Last week Tercier shocked the arbitration world by taking the decision to stand down at the end of June. The ICC says Tercier's decision to leave was due to his "divergent views on the organisational relationship between the court and the general secretariat of the ICC" (www.thelawyer.com, 20 March).
A source close to the ICC claims Tercier could not get his way in relation to the court breaking its final link with the ICC to make it an absolutely autonomous body.
"The ICC is a politically motivated organisation and Tercier felt that, without a divide between the ICC's secretariat and that of the court's, it looked as if there was a lack of independence for the court," says the industry insider. Tercier didn't fit the mould and his supposedly radical ideas rubbed them up the wrong way.

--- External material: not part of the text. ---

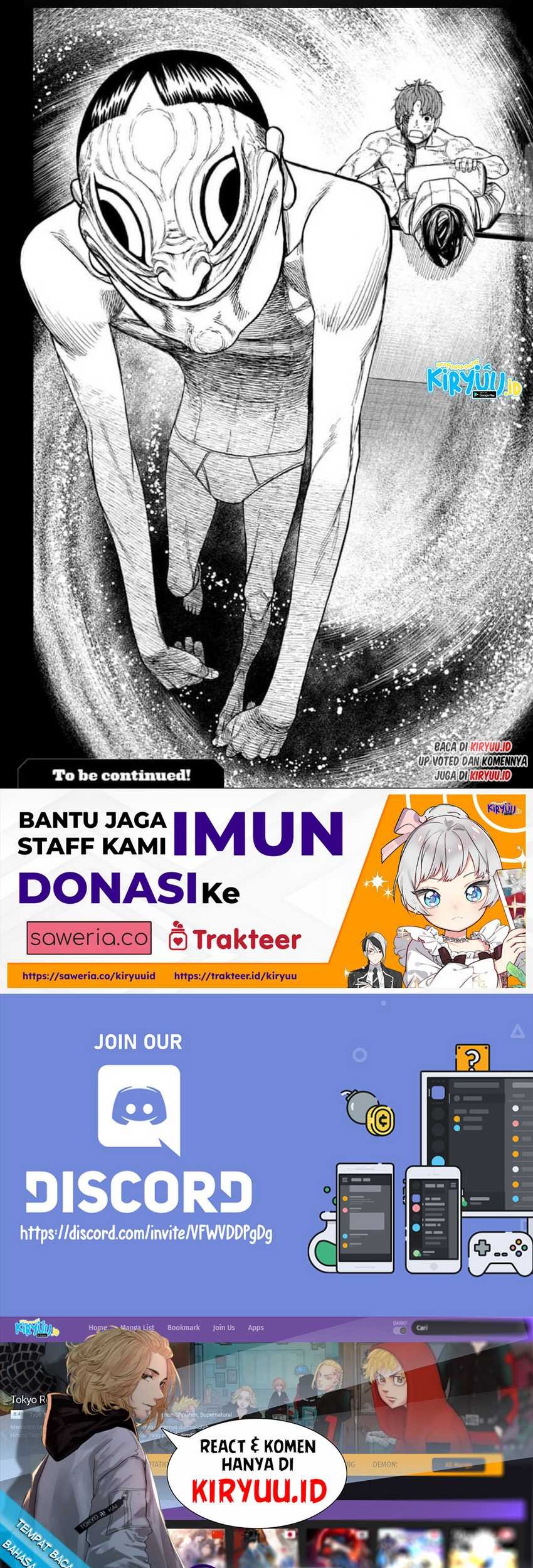 Chapter 38 - halaman 23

"His ;innovation ;and ;brilliant connections will be an absolute loss to the court. In the short term Tercier leaving the court leaves it much like a headless chicken."
The court's secretary general Jason Fry, meanwhile, hit back at claims that the ICC court has lost its direction. "Pierre's resignation has been portrayed as a constitutional crisis, but this hasn't been the case," he says. "It doesn't change how the court operates day to day. Pierre's decision to resign is unfortunate, to say the least. It's something we regret, but life goes on." Fry confirms that Tercier had a different vision for the future. "He wanted the secretariat of the court to have greater operational autonomy and this view was not shared by the ICC's chairmanship. Therefore they wouldn't support Pierre's candidacy for another term. His reaction was to resign. The independence of the court is not and was not the issue.

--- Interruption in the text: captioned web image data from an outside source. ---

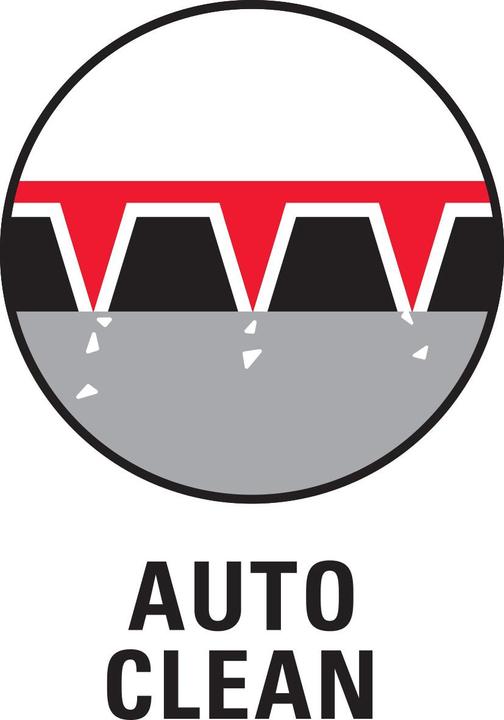 Produktbild Diaqua Holey (3 Strahlarten)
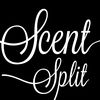 scentsplit.official
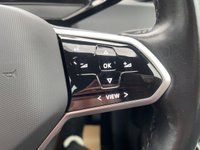 USED 2022 22 VOLKSWAGEN ID.3 Pro 58kWh Life Hatchback 5dr Electric Auto (145 ps) PERFECT FOR ROI EXPORT FINE EXAMPLE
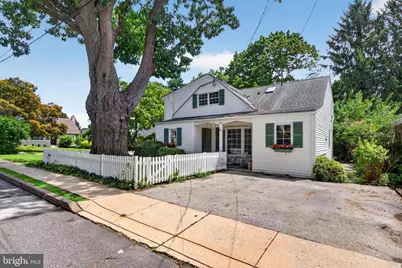 107 Summit Road, Media, PA 19063 - Photo 15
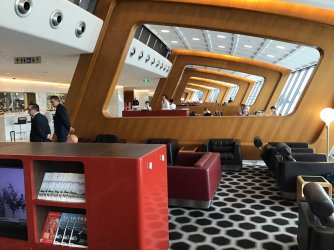 10546874-5290-4111-813C-495D25552E8A.jpeg 10546874-5290-4111-813C-495D25552E8A.jpeg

"If I didn't feel that the ICC and the court can continue to develop together, I would also have handed in my resignation. The proof is in the pudding, and I feel we have a bright future."
Many on the arbitration circuit are concerned that Tercier was pushed out to make way for someone more in tune with the ICC's vision for the court, but Fry is keen to allay any fears on this point.
"It's simply not part of a grand scheme to put a preselected candidate into the place of Pierre," says Fry. "The process is starting now to look for Pierre's replacement. It will be carefully considered and will be transparent."
So the race is on to find a replacement for Tercier and speculation is rife as to who will take on the court chairmanship. Names that have been touted include Swiss Arbitration Association president Dr Markus Wirth, as well as International Bar Association president Fernando Pombo.
But ICC secretary general Guy Sebban will not be drawn into a debate on who he believes will become the court's next chair, instead echoing Fry's sentiment that it will be a transparent process.
"Everyone knows everyone in the arbitration world, which will facilitate things, but we have an external body looking at the appointment to make sure the process is done with neutrality," says Sebban. "The court's very important for us and we mean to stay as a key player and leader in the market. This means we need a strong ambassador for arbitration to take on the role, especially as the court continues to move forward."
The transformation of the court that Sebban alludes to includes becoming more international and less Paris-centric. As The Lawyer revealed (24 March), this includes launching in Singapore. Unfortunately for the court, its transformation will continue to be overshadowed until Tercier's successor is appointed.